Design thinking is a discipline used to develop interventions for complex problems. As a human-centered approach to problem solving, it employs qualitative and quantitative research to gain insights on people’s lives and a contextual understanding of the system and its components. It does this through a process-centric method using a number of design techniques to empathize and clearly define or reframe the issue before the stages of ideation and prototyping. Design thinking promotes the use of tools like ethnographic research, prototyping and stakeholder mapping.


The Human Element

Ethnographic research, or ethnography, is the sociological study of people and cultures. Used in a design process, ethnography employs engagement tools (e.g., 9D Observation, Cultural Probes and Expert Interviews) to gain insight from users and subject matter experts in order to inform the design process and develop creative solutions that reflect these evidence-based findings. Scrapbooking, having participants communicate important experiences of places and people through imagery, is an example of an open ended ethnographic research method.


Stakeholder Maps

Stakeholder maps are used to visually consolidate and communicate the key stakeholders for a project or design challenge. These include stakeholders within the organization initiating the project, important allies and collaborators, clients, and individuals and groups likely to be affected or affecting the system in which the project exists.


Prototyping

Prototyping, or iterative design, is the process of creating an early mock-up of a product or service in order to allow collaborators to communicate, test and improve on ideas. Prototyping is a cyclical process, rapidly making, breaking and learning thereby improving the concept during each design rotation. For example, using Lego blocks to quickly create a small scale simulation in order to allow collaborators to walk through a service innovation.
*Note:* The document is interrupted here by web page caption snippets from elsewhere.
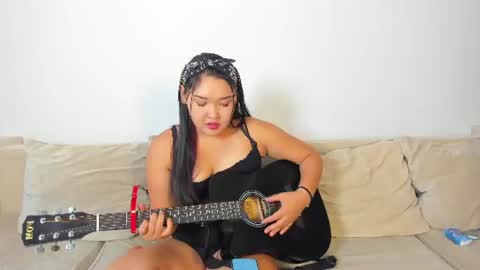 Mia online show from 07/11/26, 08:06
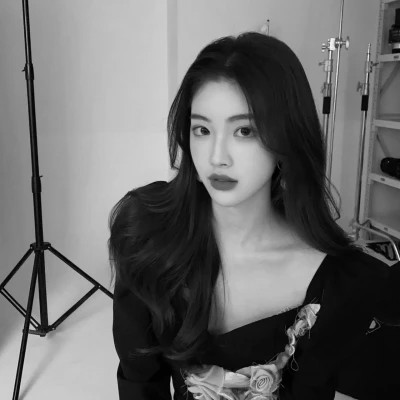 微信女生高清黑白真人头像图片(图51)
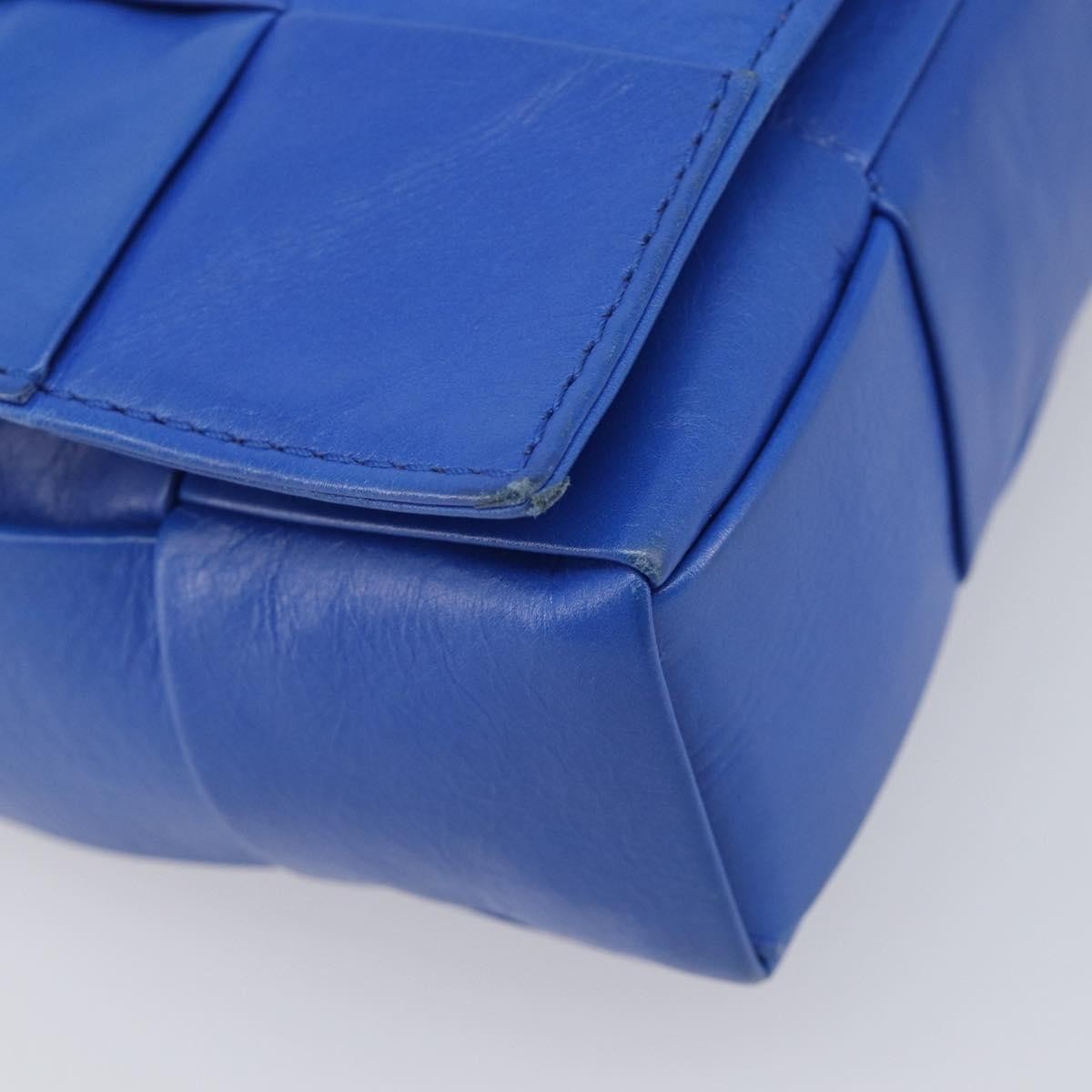 Bottega Veneta Cassette Maxi Intrecciato Leather Blue Leather Crossbody Bag Bag (Pre-Owned)
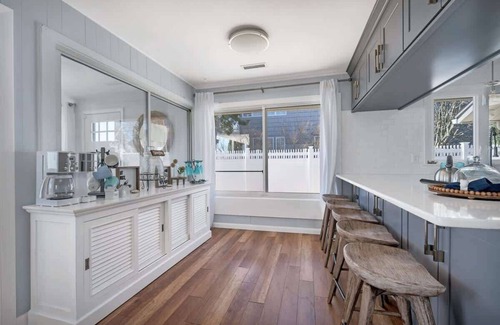 Westbrook Center Casa | Sister Sands - Waterfront Boho Beach House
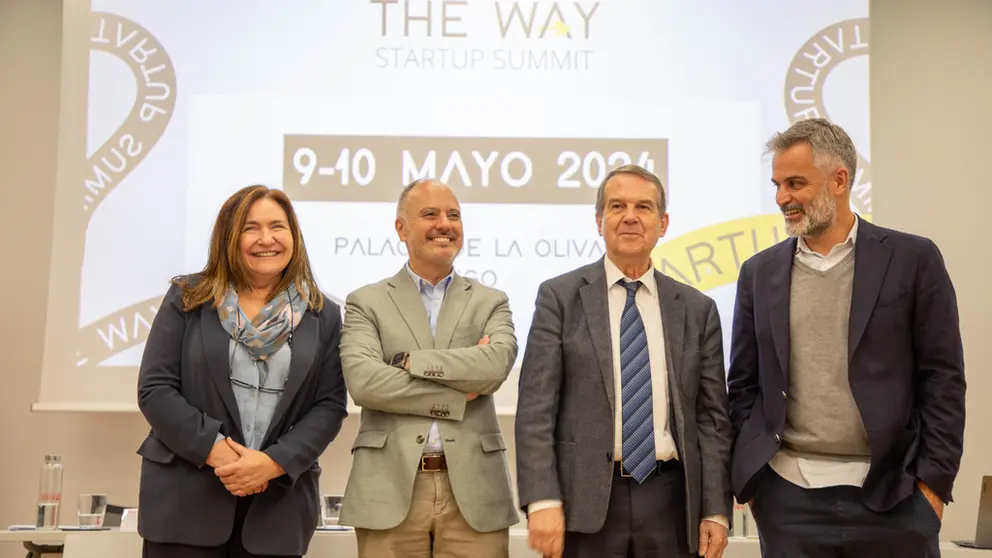 Abel Caballero, alcalde de Vigo; David Regades, delegado de la Zona Franca de Vigo; Ana Ortiz, delegada de la Xunta de Galicia en Vigo; y Lalo Garc&iacute;a, director de The Way Startup Summit.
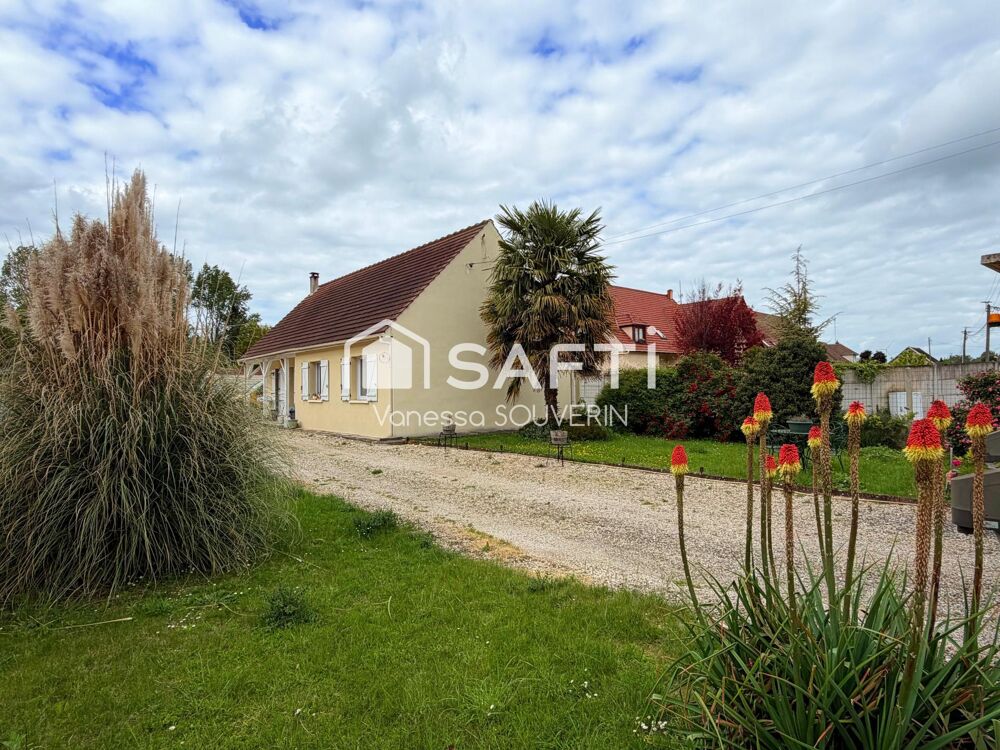 Maison T5 de plain pied sur 1340 m2 de terrain clos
Narrative-based Text Analysis

Narrative-based text analysis, or narrative inquiry, is employed as a tool to analyze large volumes of qualitative or anecdotal data. It challenges the philosophy of quantitative data-gathering that does not allow for interpretation and better outcomes for people. Research tools, such as Atlas, help teams tackle large amounts of data. Transcript coding is a more accessible approach where researchers classify all interview statements in order to organize qualitative data and gain insight from the individual comments, patterns and frequencies within the created statement categories.


Experiential Futures

Experiential futures, or design fictions, are objects, illustrations or experiences conceived to help an audience explore ideas and concepts about possible future scenarios. Used to evoke a visceral reaction from the audience, experiential futures help the viewer quickly imagine how they would live, interact and react to changes explored in a foresight study. The practice uses art, industrial design, graphic design, narrative and theatre to create experiences that go beyond written reports. An example is the Museum of the Future from the Dubai Future Foundation.